As warfare evolves into the cyber era, the global organization charged with collective Western defense since World War II is finding itself woefully behind on the times, according to a Danger Room report.
It’s a fact the North Atlantic Treat Organization has been quietly acknowledging, including at the conference for defense leadership in Brussels this week.
NATO’s approach to cyber is barely even in its infancy – there are no guidelines for response to a cyber attack, or even a definition of a cyber attack or the networks (such as public or private) that would be involved.
“We need to think these things through,” Jamie Shea, deputy assistant secretary general for emerging security challenges, told Danger Room.
That’s not to say cybersecurity isn’t on NATO’s radar. In a strategic concept the organization released back in November 2010, NATO recognized the threat and pledged to learn more about the problem in order to address it.
“Cyber attacks are becoming more frequent, more organized and more costly
in the damage that they inflict,” the document noted. “[We will] develop further our ability to prevent, detect, defend against and recover from cyber-attacks, including by using the NATO planning process to enhance and coordinate national cyber-defense capabilities, bringing all NATO bodies under centralized cyber protection, and better integrating NATO cyber awareness, warning and response.”

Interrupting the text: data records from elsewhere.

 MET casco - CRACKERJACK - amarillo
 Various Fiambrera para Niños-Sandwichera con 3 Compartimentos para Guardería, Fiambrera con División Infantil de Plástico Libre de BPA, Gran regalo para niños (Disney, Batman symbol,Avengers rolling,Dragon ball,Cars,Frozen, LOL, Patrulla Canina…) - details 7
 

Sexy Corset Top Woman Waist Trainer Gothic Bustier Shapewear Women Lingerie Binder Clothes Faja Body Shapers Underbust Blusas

Still, it’s not clear what NATO has been doing about the issue since that assertion over a year ago – other than talking about it.

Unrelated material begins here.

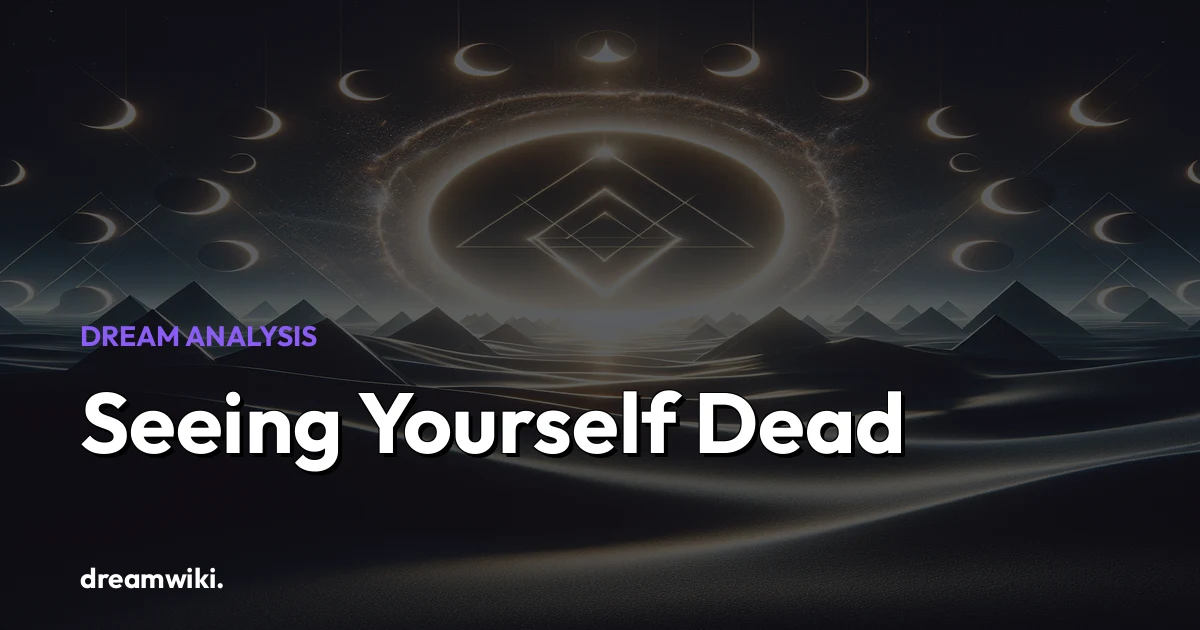 Significado de soñar con muerte propia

“Talking about the NATO of the next decade also would mean talking about the military operations of the next decade. And these deployments are almost impossible to foresee at the moment, since the future threats are unpredictable,” Marine Corps Lt. Gen. Walter Gaskins, NATO military committee deputy chairman, said in October, per SIGNAL Magazine. “But what we do know is that information superiority, and therefore information technology, will play a main role in future conflicts.”

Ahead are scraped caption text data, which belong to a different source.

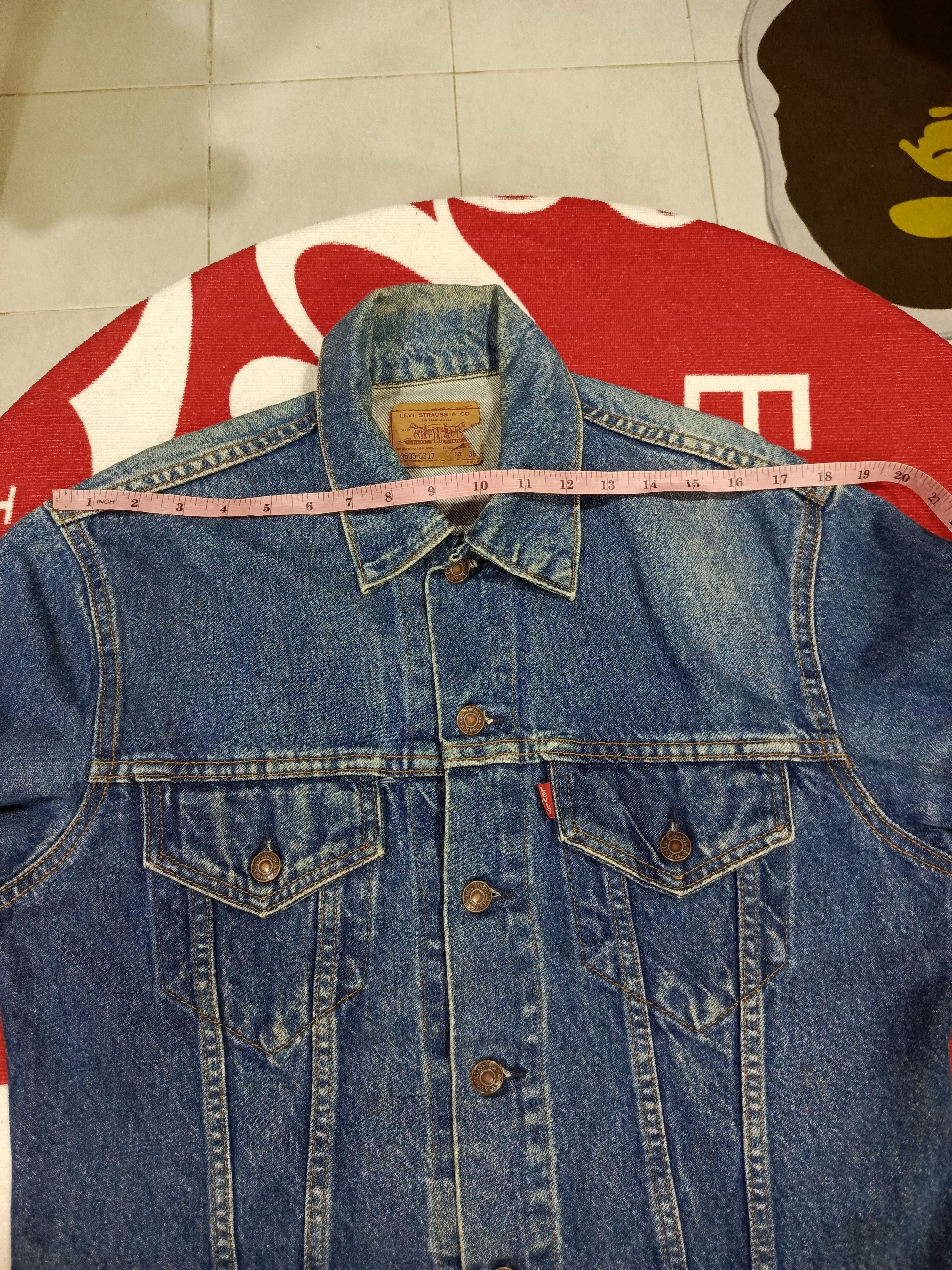 Levi's Vintage 90s Levi's Blanket Lined ORIGINAL Trucker Jacket Size US M / EU 48-50 / 2 - 18 Thumbnail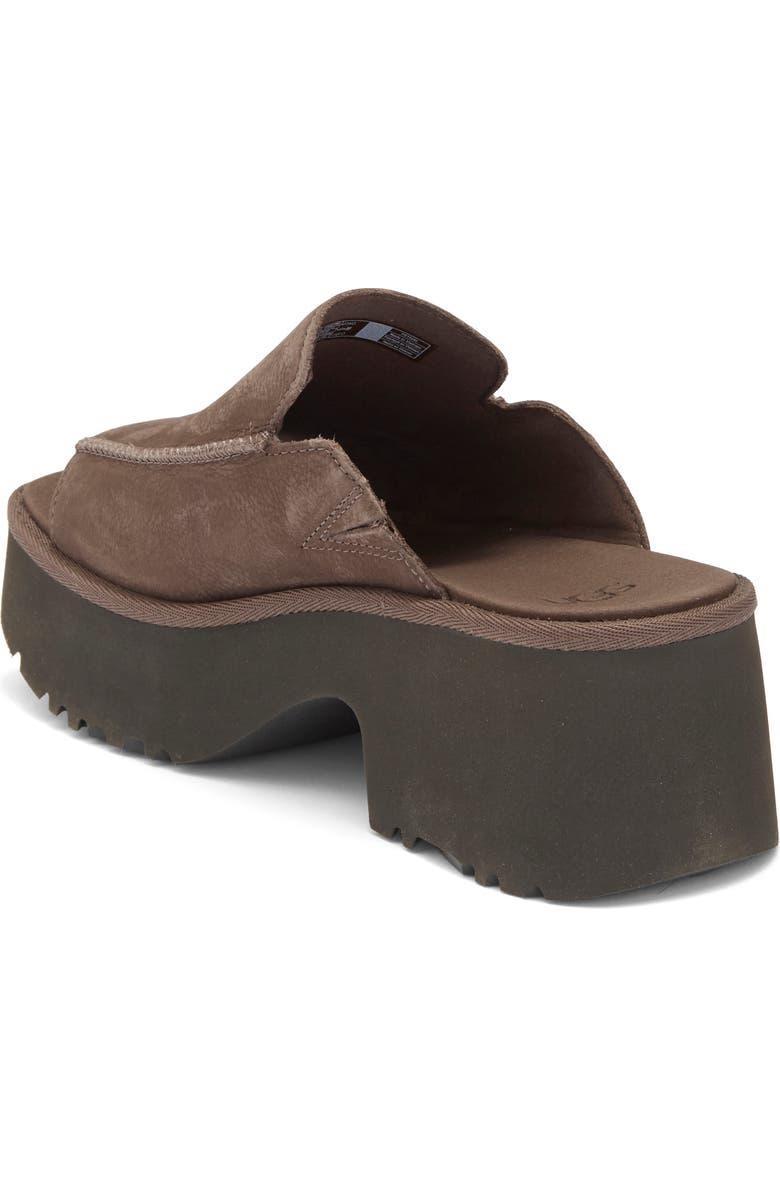 UGG<sup>®</sup> New Heights Platform Slide Sandal, Alternate, color, Molasses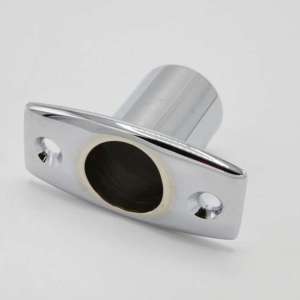 Rørholder karm forsenket 22mm 6434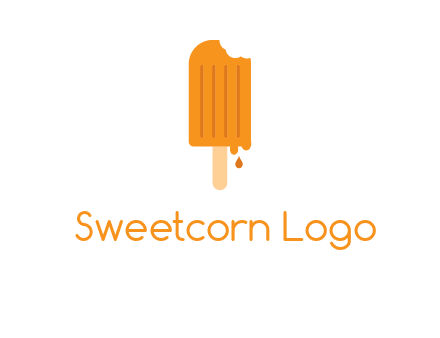 Bite Taken Out of ice pop logo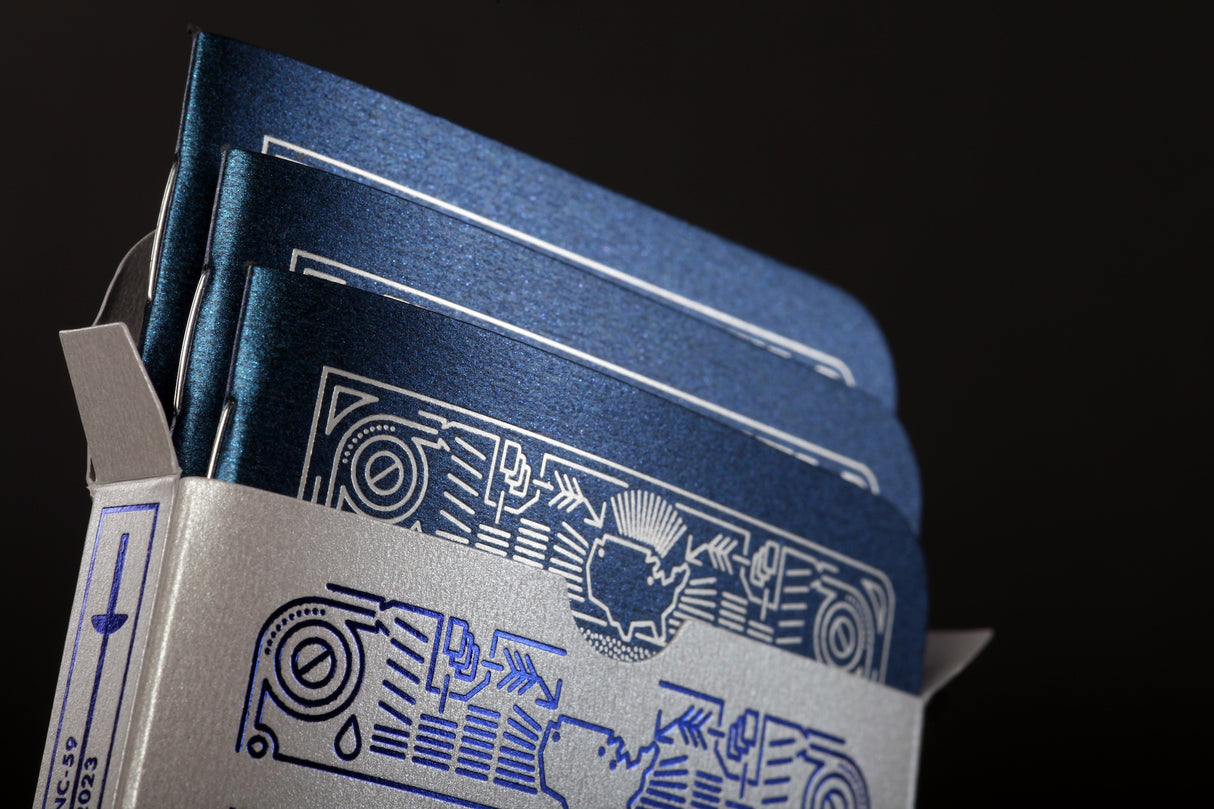 Foiled Again 3-Pack Memo Book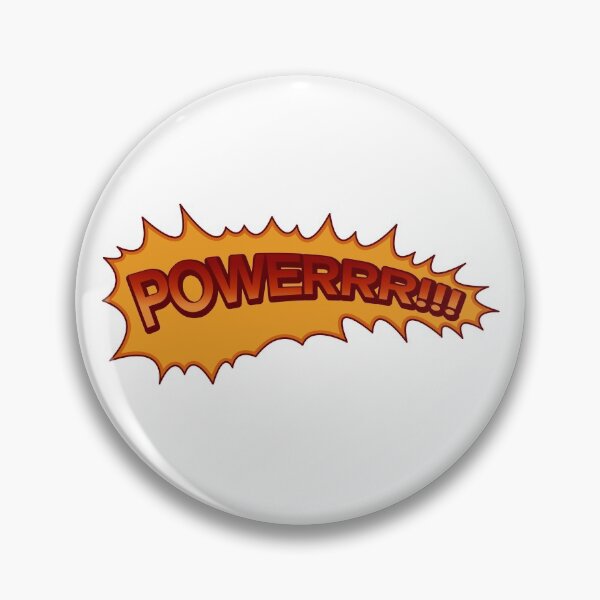 Artikelvorschau, POWERRR !!! entworfen und verkauft von Demon Fox Designs.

Gaskins acknowledged the problem cyber attacks already present, and said it’s something NATO needs to take action on sooner rather than later.
“NATO nations and organizations already are frequently facing attacks. We need to develop further capabilities on cyber defense. And we need to enhance the cooperation between the NATO nations in the field of cybersecurity,” he said.
So far, it would seem most NATO cyber activity is focusing on the defensive end, according to Shea.
“I don’t see NATO developing offensive cyber doctrine for the time being. They’re too busy trying to figure out how to play defense,” Shea said.